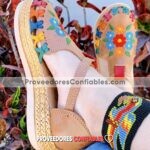 Zj00843 Huaraches Artesanales Color Nuez Bordado De Flores Altura De Suela 3cm Aprox De Piso Mujer Mayoreo Fabricante Calzado Zapatos Proveedor Sandalias Taller Maquilador Scaled Scaled 1 Jpg
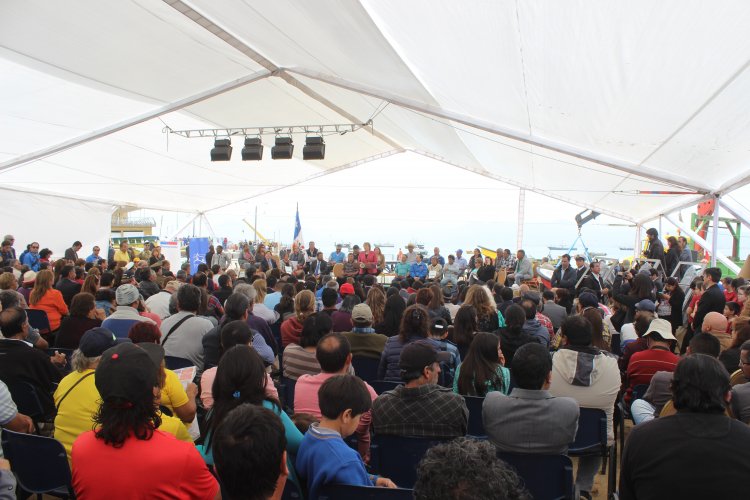 PRESIDENTA BACHELET ENTREGA NUEVOS SUBSIDIOS Y APOYO PARA AFECTADOS POR TERREMOTO Y TSUNAMI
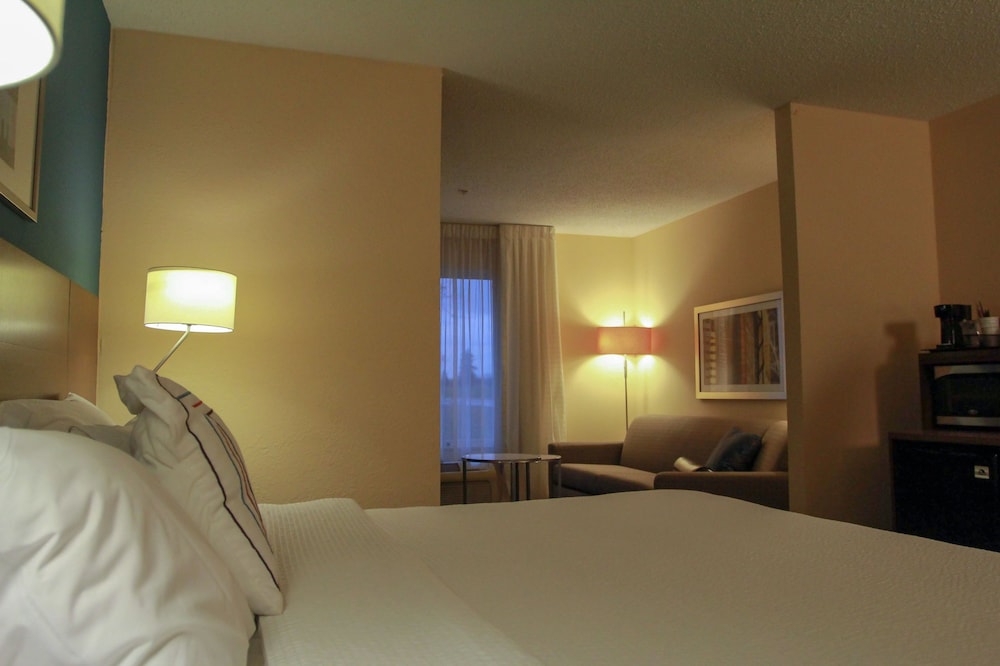 Fairfield by Marriott Kalamazoo West - photo 9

* * * * * * *

▸ **Instructions for the task**
Please write the material out again exactly as shown above, minus any pictures.

▸ **Solved problem**
 Zj00843 Huaraches Artesanales Color Nuez Bordado De Flores Altura De Suela 3cm Aprox De Piso Mujer Mayoreo Fabricante Calzado Zapatos Proveedor Sandalias Taller Maquilador Scaled Scaled 1 Jpg
 PRESIDENTA BACHELET ENTREGA NUEVOS SUBSIDIOS Y APOYO PARA AFECTADOS POR TERREMOTO Y TSUNAMI
 Fairfield by Marriott Kalamazoo West - photo 9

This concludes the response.